I retired from Schlumberger after forty years of service. As a Reservoir Chart Analyst, I was responsible for digitizing pressure charts from drillstem tests first in Lafayette, LA, for the Gulf Coast area, and then for the Rocky Mountains, California and Alaska. Reviewing job timetable and correlating to pressure charts. Calculating liquid or gas recovery from drillstem tests, and calculating flowrate of oil, gas, or total liquid during drill stem tests.
I was promoted to Senior Marketing Geo Scientist in 1991 and I moved to the Denver area. My duties there were interpreting pressure transient tests, such as from open hole or cased hole completions using drillstem testing, lowering electronic gauges into the wellbore and either hanging off the gauges, or suspending at well depth, or pumping well buildup tests, utilizing measurements of casing head pressure, depth to fluid level sonde, and combining the two to convert to bottomhole pressure for the pumped well buildup. Also the interpretation of multiple well interference tests, to determine first, if connectivity exists between wells in the reservoir, and if so, the directional permeability and directional storativity between the wells.

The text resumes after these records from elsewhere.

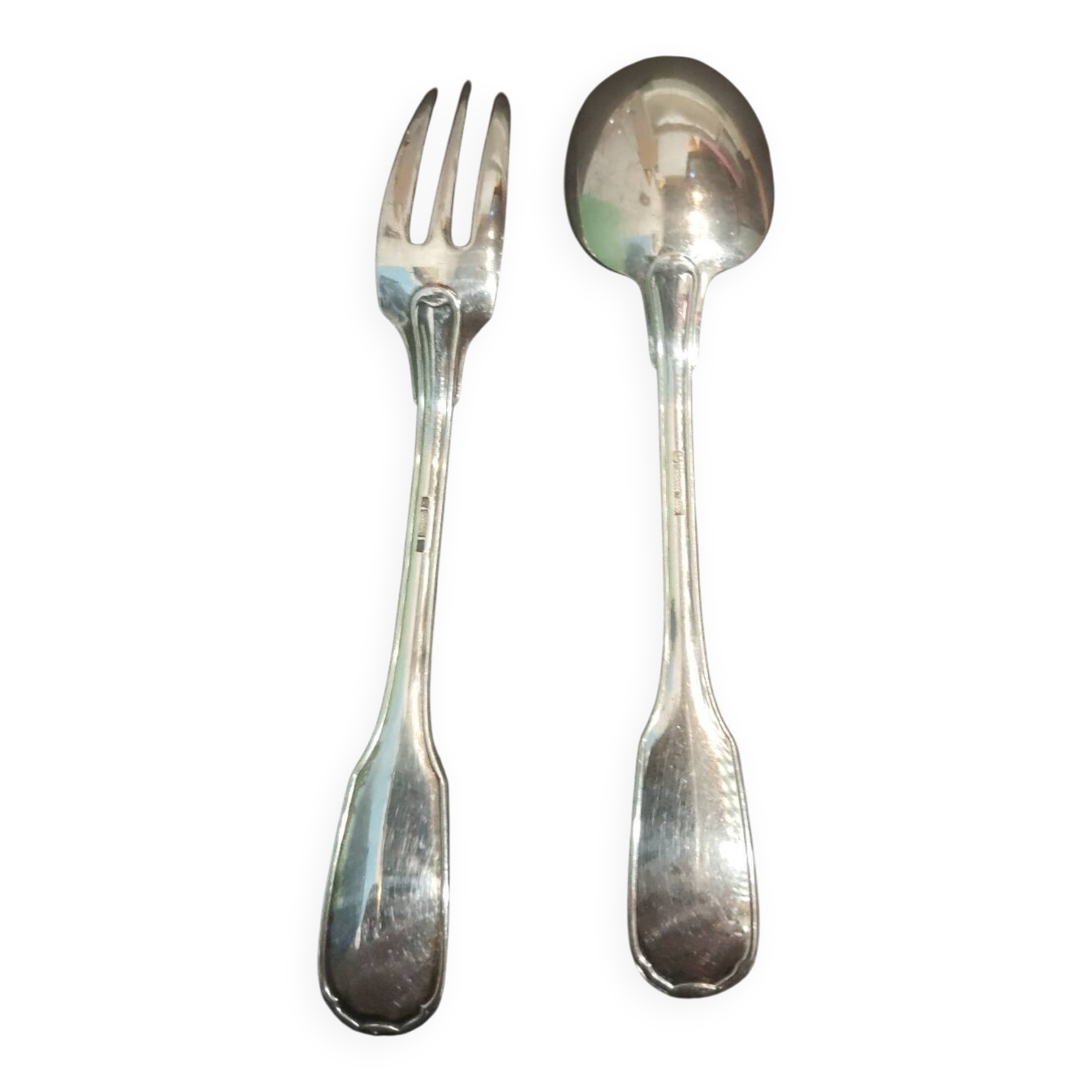 Christofle box – Child's spoon & fork – Silver-plated metal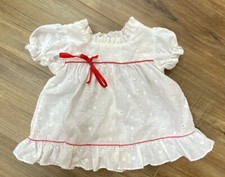 VINTAGE ALEXIS BABY WHITE DRESS SIZE 12 MONTHS MADE IN USA PERFORATED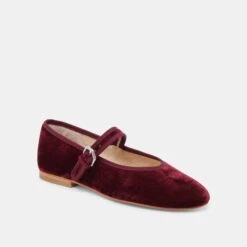 ROSLYN BALLET FLATS WINE VELVET(Roslyn Ballet Flats Wine Velvet) -Dolce Vita Shop DOLCEVITA FLATS ROSLYN WINE VELVET 01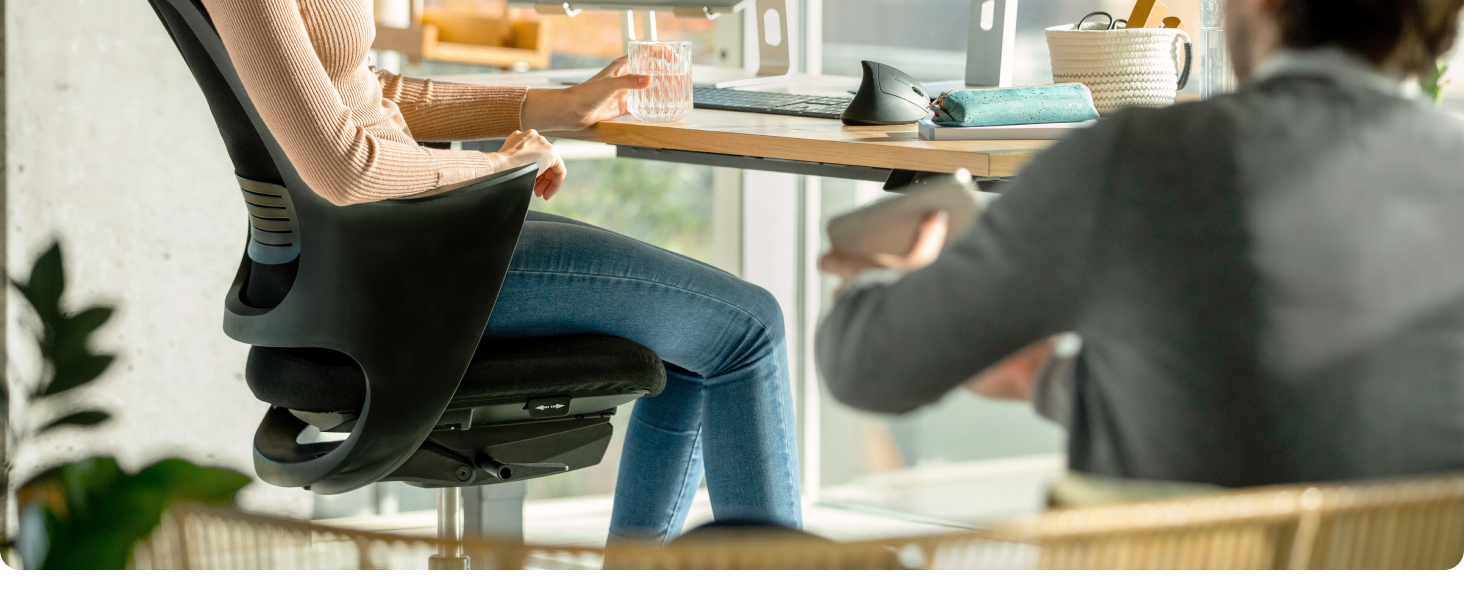 Ergotopia WellBack: Ергономічне крісло для офісу та дому, Made in Germany, з підтримкою попереку та синхромеханікою, білий каркас, сірий колір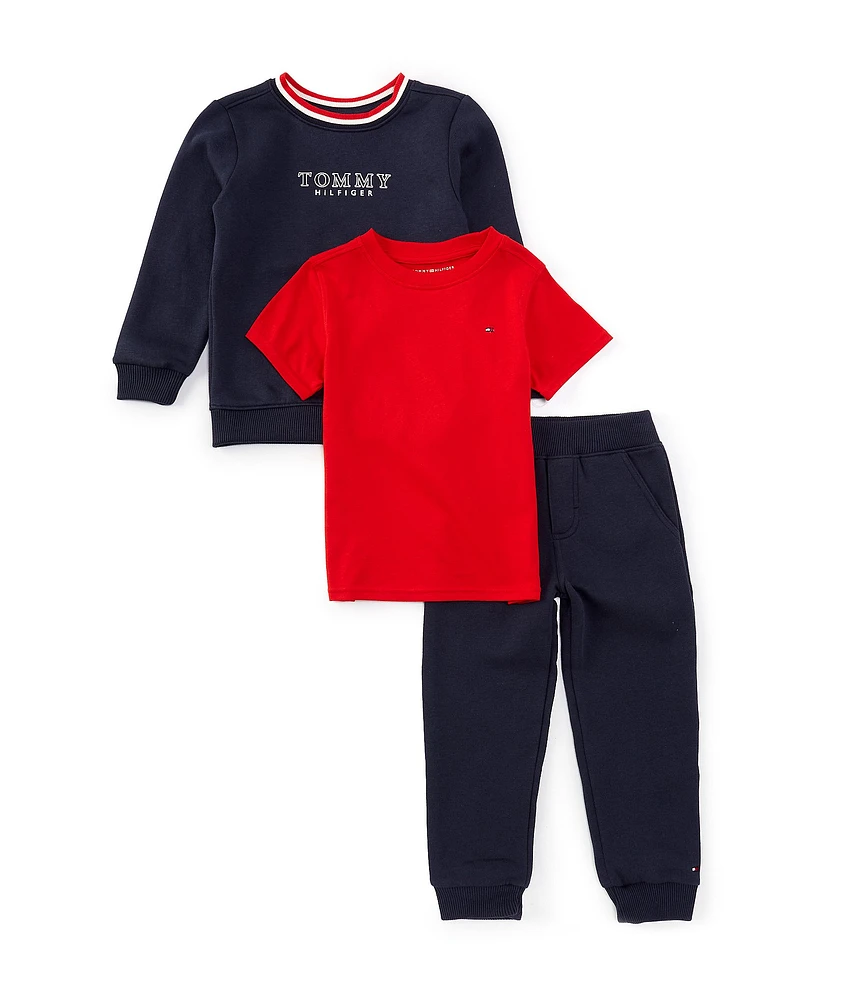 Tommy Hilfiger Little Boys 2T-4T 3-Piece Fleece Logo Sweatsuit & Short Sleeve T-Shirt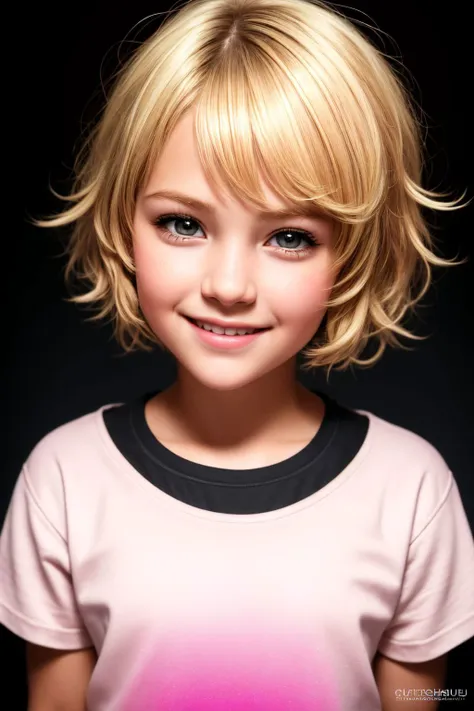 a close up of a young girl with blonde hair and a pink shirt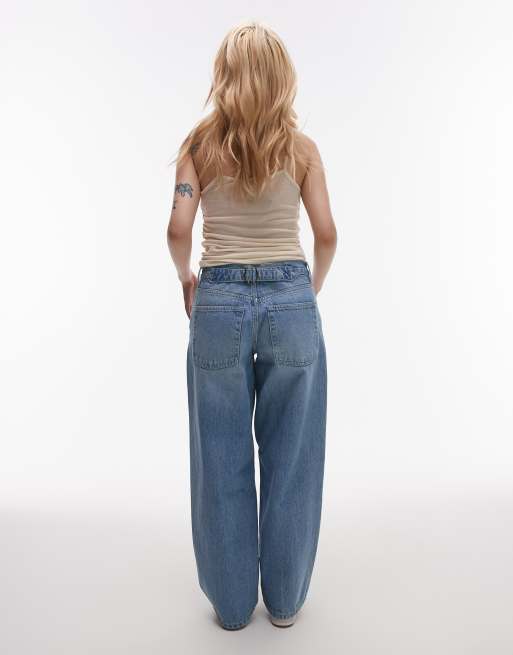 Topshop Petite Cinch low rise relaxed jean in bleach, 2 of 5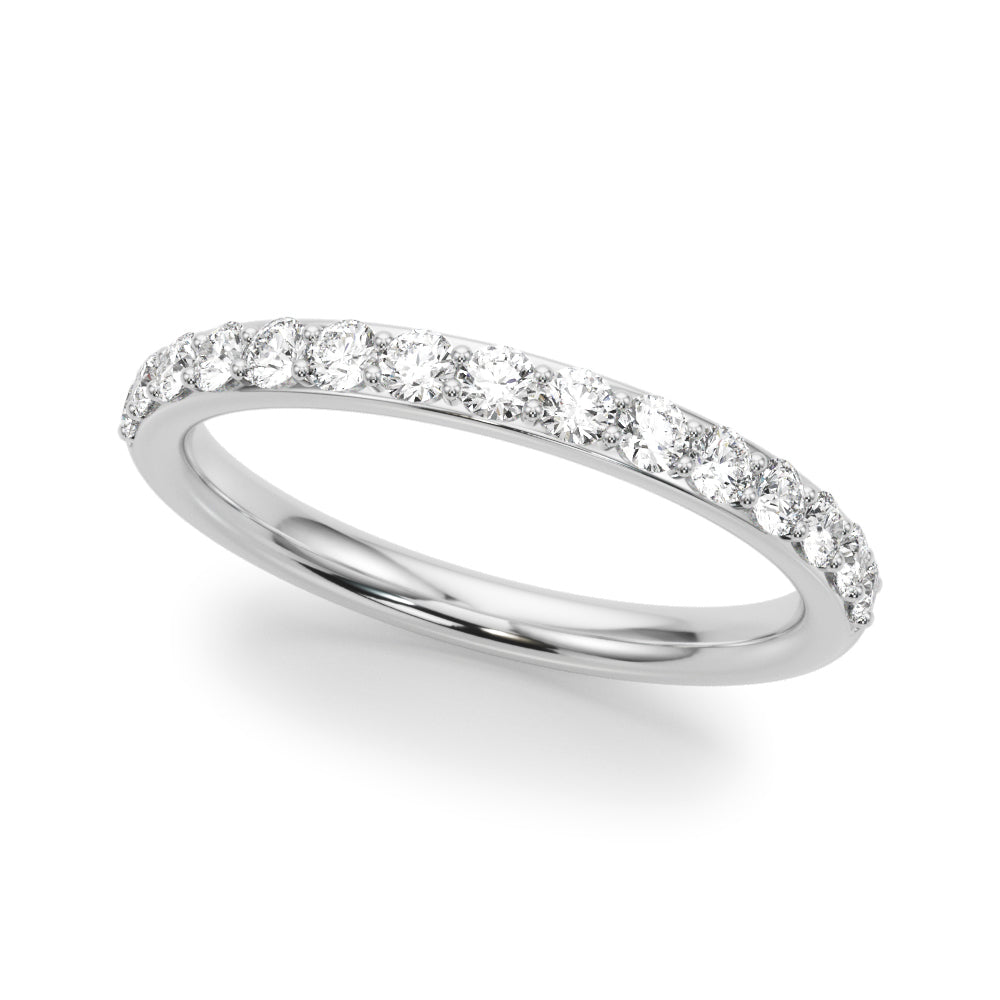 1/2 Ct Prong Set Round Diamond Wedding Band In 10K Solid Rose/ White / Yellow Gold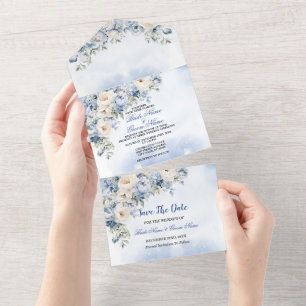 Invitation Tout En Un Mariage Dusty Blue Watercolor Fleurs d'ivoire Feui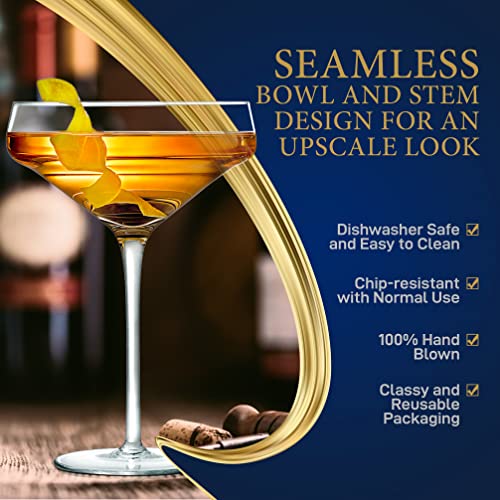 2 Sets Of Crystal Martini Glass, Ultra Clear, Elegant Crystal Clear Wine Glass Pair, 100% Hand Blown, Dishwasher Safe, Great For Dinner, Parties, Wedding, And Elegant Occasions #TOP2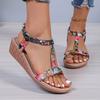 Hot-selling Large-size Bohemian Sandals Women's Summer New Fish Mouth Wedge Heel Open-toed Sandals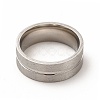 Non-Tarnish 201 Stainless Steel Grooved Finger Ring Settings STAS-P323-08P-2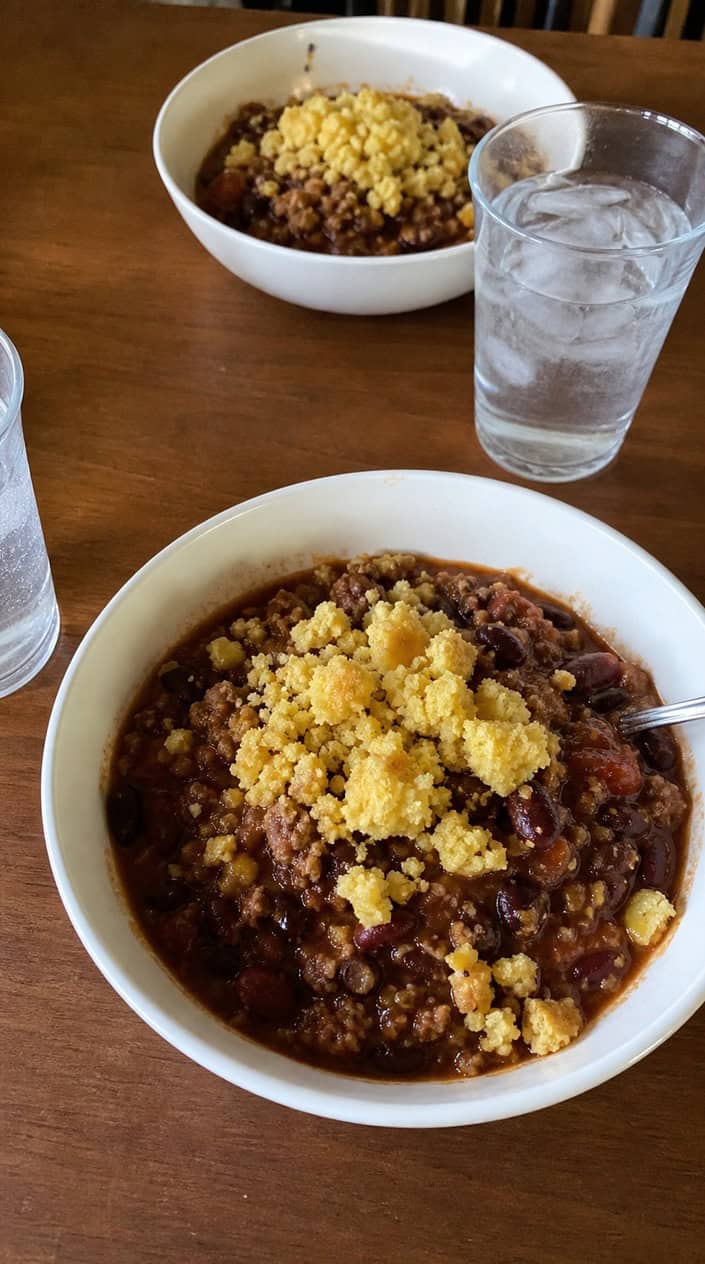 A slow-cooker filled with chili and a bowl of crumbled cornbread topping on a wooden table with small bowls of cheese, green onions, and sour cream nearby.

In 2008 I became the Principal Pressure Transient Geoscientist in Schlumberger’s Petro-Technical Services office in Denver, CO – providing consulting services on designing, conducting, and interpreting pressure transient tests in oil and gas reservoirs. I retired in that capacity in 2013.
Today, I continue to work with clients that need annual testing of their disposal wells for reporting to the EPA, interpreting their annual pressure fall-off test data and providing a formal report, as well as working with oil and gas clients on new or producing wells to determine capacity, permeability, skin, pressure, boundary conditions, connectivity to other wells, etc.